To avoid one HTTP request per StatsD packet, the InfluxDB backend buffers the
incoming events and flushes the buffer on a regular basis. The current default
is 1000ms. Use the `influxdb.proxy.flushInterval` to change the interval.

This might become a problem with lots of incoming events.

The payload of a HTTP request might look like this:

```js
[
{
name: 'requests.counter.raw',
columns: ['value', 'time'],
points: [
[1, 1384472029572],
[1, 1384472029573],
[1, 1384472029580]
]
},
{
name: 'response_time.timer.raw',
columns: ['value', 'time'],
points: [
[170, 1384472029570],
[189, 1384472029572],
[234, 1384472029578],
[135, 1384472029585]
]
},
{
name: 'bytes.gauge.raw',
columns: ['value', 'time'],
points: [
[123, 1384472029572],
[123, 1384472029580]
]
}
]
```

## Backend Metrics

The following internal metrics are calculated for each flush:

- `statsd.influxdbStats.flush_time` - Time taken to process a complete flush in ms. Excluding the asynchronous HTTP Post.
- `statsd.influxdbStats.http_response_time` - Response time in ms of the InfluxDB HTTP endpoint when POSTing data.
- `statsd.influxdbStats.payload_size` - The size in bytes of the JSON payload.
- `statsd.influxdbStats.num_stats` - The number of metrics sent to InfluxDB in the last flush.

These are added to the set of internal statsd metrics. If both `influxdb.includeStatsdMetrics` and `influxdb.includeInfluxdbMetrics` are enabled, then these will be sent to InfluxDB when using the flush strategy.

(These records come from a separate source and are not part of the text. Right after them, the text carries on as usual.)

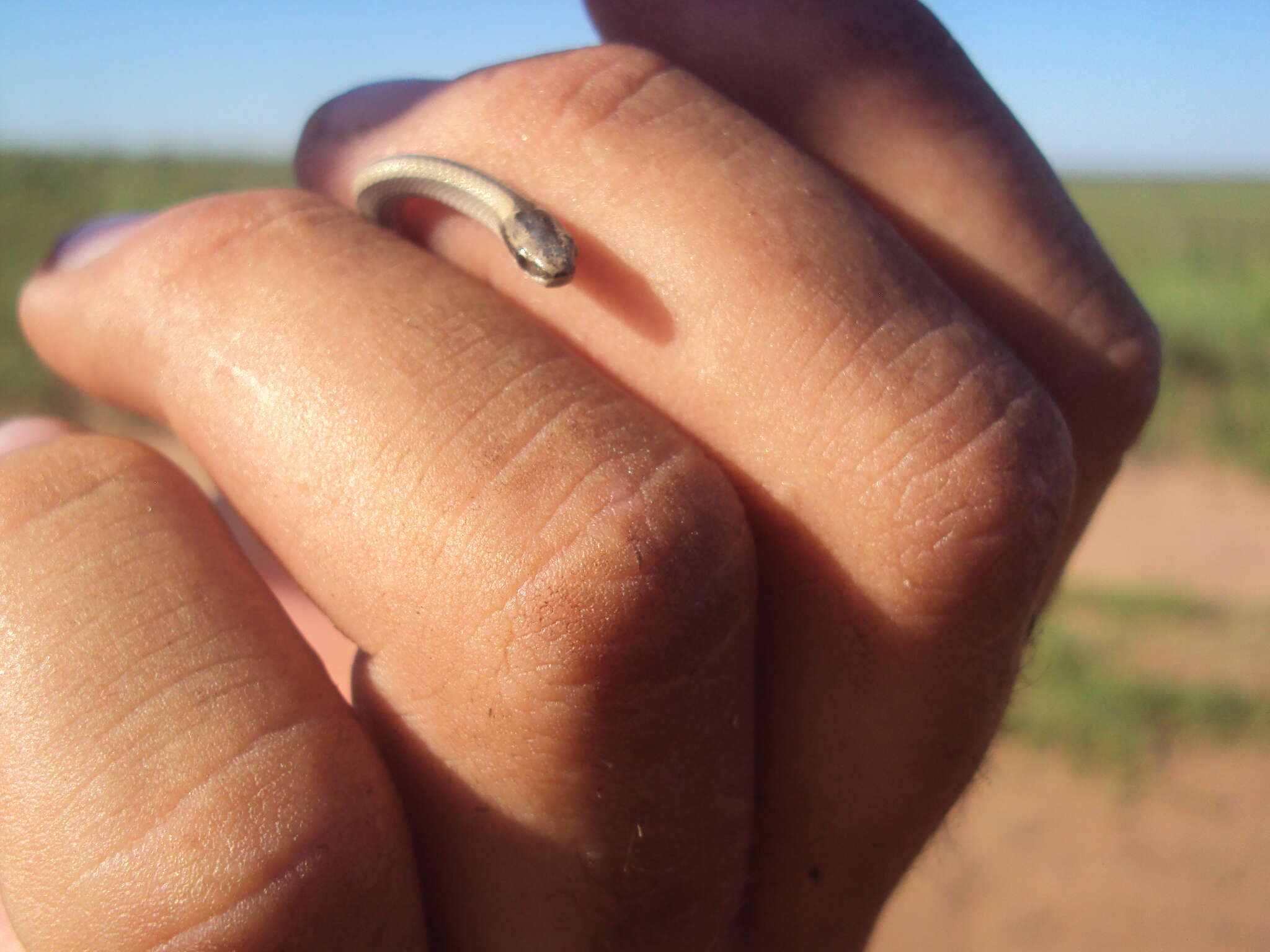 Image of Wide Ground Snake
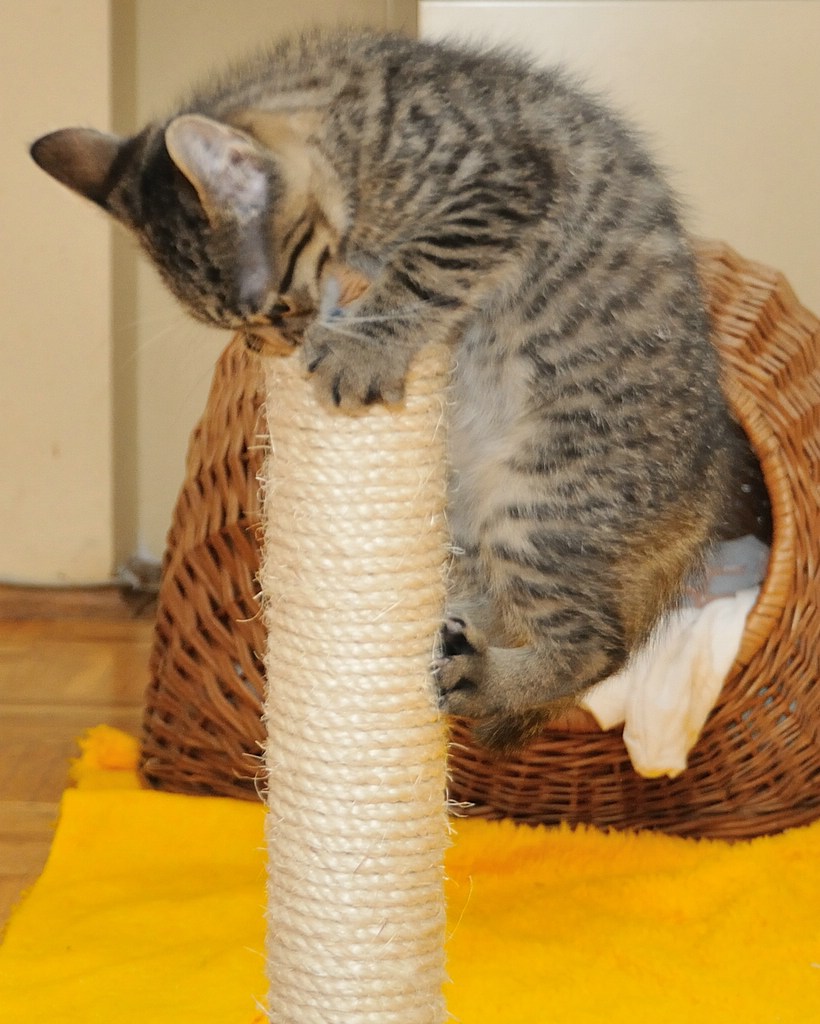2012 07 08 5125  D300sA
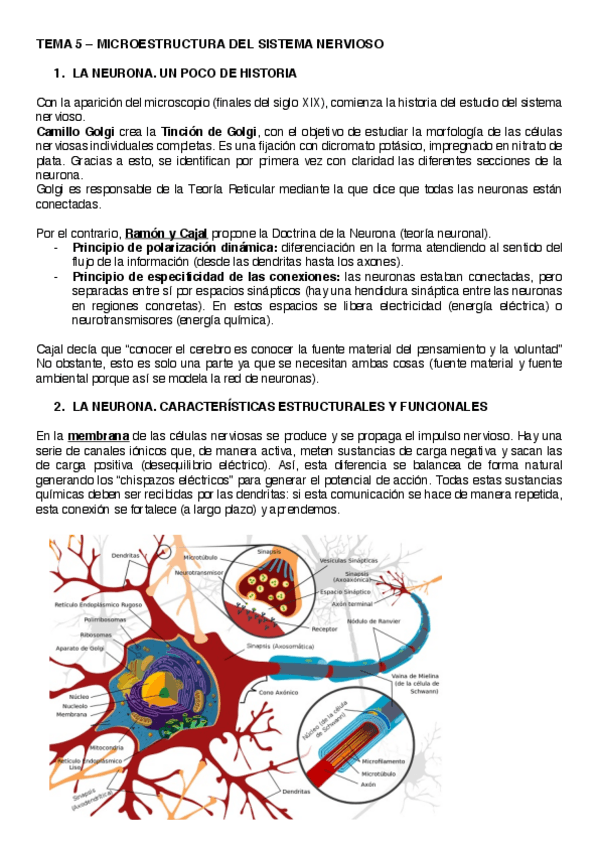 Miniatura del documento TEMA 5 – MICROESTRUCTURA DEL SISTEMA NERVIOSO.pdf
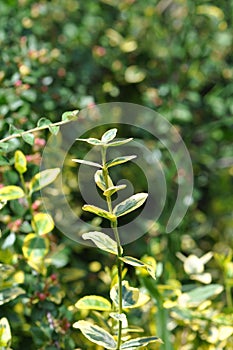 Euonymus fortunei fortune s spindle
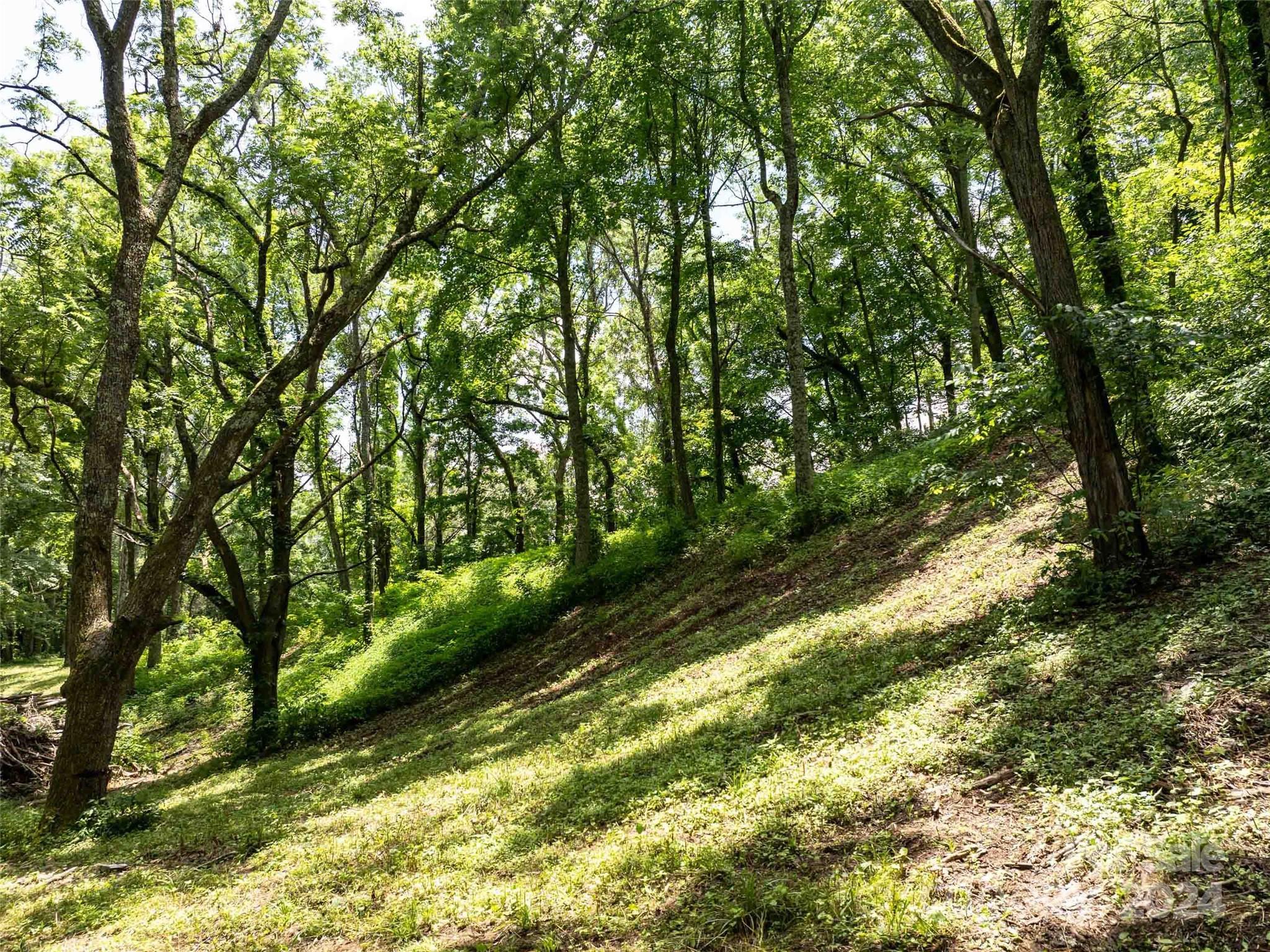 00 Hardy Branch Trail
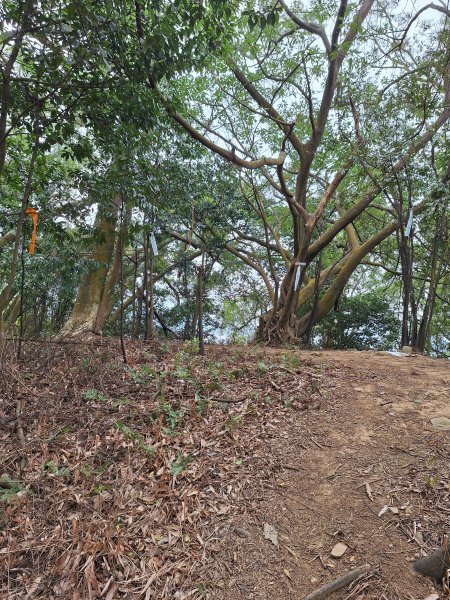 三段崎古道202401222696403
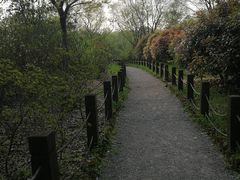 -新江湾城公园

The internal metrics can also can be viewed using the `stats` command on the [StatsD TCP Admin Interface](https://github.com/etsy/statsd/blob/master/docs/admin_interface.md)

## Contributing

All contributions are welcome: ideas, patches, documentation, bug reports,
complaints, and even something you drew up on a napkin.